Nan and I had some interesting conversations about writing and publishing. She kindly gave us copies of her books and stickers. She goes to great lengths to be sure the information in her books is correct. For my friends who are home schooling, I can definitely recommend her work. The books contain interesting and fun activities while teaching scientifically accurate information about the animals and habitats. And she has been careful that the artwork for the stickers is scientifically accurate as well.

One of the great things about staying with friends is that they know the area. Nan took us out to Baraboo, about an hour's drive from Madison, so we could visit the International Crane Foundation. This is the only facility in the world that houses all fifteen species of cranes. For an animal lover like me, this was a major treat! In the picture above, a male whooping crane practically runs on water.

The following day we visited the House on the Rock. Alas, the visitor information doesn't really explain who Alex Jordan was, how he built the house, or why he made the design decisions that he did. The architecture is sort of Frank Lloyd Wright meets nautical shipbuilding. Several friends and family had recommended it, and it is definitely an interesting place to visit. I think it would be even more fun to have House on the Rock bingo cards -- gridded screen, fireplace, couch, ship model, Chinese doll, creepy instrument that plays itself, indoor fountain, bronze statue, bookshelf, skylight, amaryllis.
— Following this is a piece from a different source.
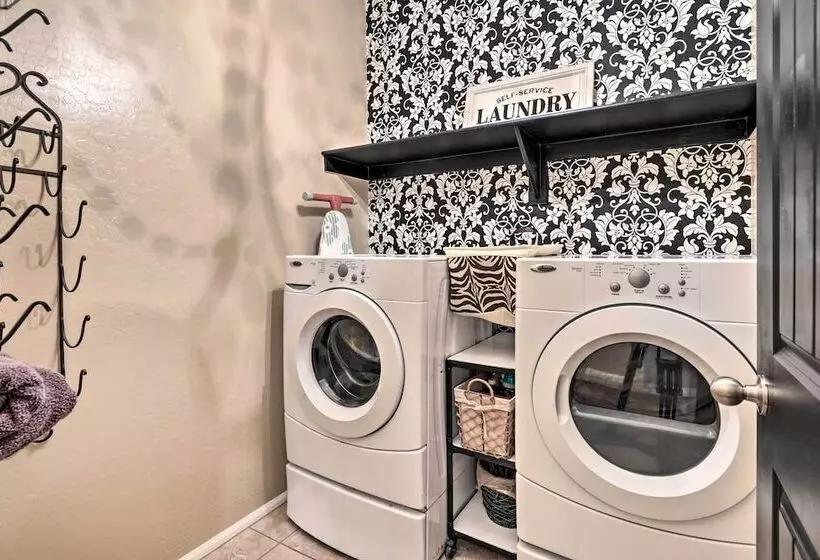 Maricopa Home W/ Swim Up Bar, Heated Pool & Slide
The photo above is the Infinity Room, which was added after the fact. It cantilevers off the rock in a way that does not at all inspire confidence. But the view is nice.

Later that evening, Dr. Field took us on a tour of the University of Wisconsin. We walked down State Street and stopped for dinner. We ate bratwurst -- compare and contrast red and white brats. And we drank good beer. Fortunately, a lot of the stores were closed by the time we went strolling. But the window shopping was fun. And we got this great picture of the Cuddly Hubby and I with a statue of a badger mom with baby badgers! (For you knitwear folk, the scarf I'm wearing is Bootkicked, one of my not-yet-published patterns. The yarn is Noro Silk Garden sock.)

On Wednesday we took at tour at Taliesin. My advisor at Penn State was a specialist in Chicago School architecture, so I'm sure he would approve of this outing. Frank Lloyd Wright was quite a personality in his own right. Cuddly Hubby and I had a lot of fun on the tour both looking at the architecture as well as swapping snarky comments between ourselves. And the tour guide was extremely knowledgeable and also had a sense of humor about the myth and legend of Frank Lloyd Wright. Here's a silly posed shot of me in ecstasy over a window detail. (For the knitters -- the shawl is Reynolds Fusion and the pattern is yet another not-yet-published original design. Fusion is a discontinued yarn.)

That evening we had dinner with a friend of the Cuddly Hubby. She was also in the One, the Only, the Truly Incomparable Leland Stanford Junior University Marching Band. She and her husband have children who like pandas -- clearly these are smart people. We also went out for ice cream after dinner. Again, more proof these are good people.

Thursday was our last day in Wisconsin. We took a side trip to Cave of the Mounds before we headed out to Chicago for the night. I'm not a big fan of caves. In fact, I think the last time Cuddly Hubby and I toured a cave was on our honeymoon almost fifteen years ago. But this one was nice enough -- lots of the usual formations. Some of the formations had unusual colors due to the minerals in the surrounding rock. And the tour does feature a few moments of total darkness. This is funny, because in the gift shop you can buy a post card that is all black with the notation: Total Darkness -- Cave of the Mounds. Kudos to the clever person who came up with that. And I should mention that the gift shop has lots of rocks at very good prices. It was tempting to buy a few polished rocks or fossils to use as props in the Dungeons & Dragons game.

All in all, Wisconsin was a fine place to visit. We sadly bid it goodbye as we headed for the congested chaos of Chicago.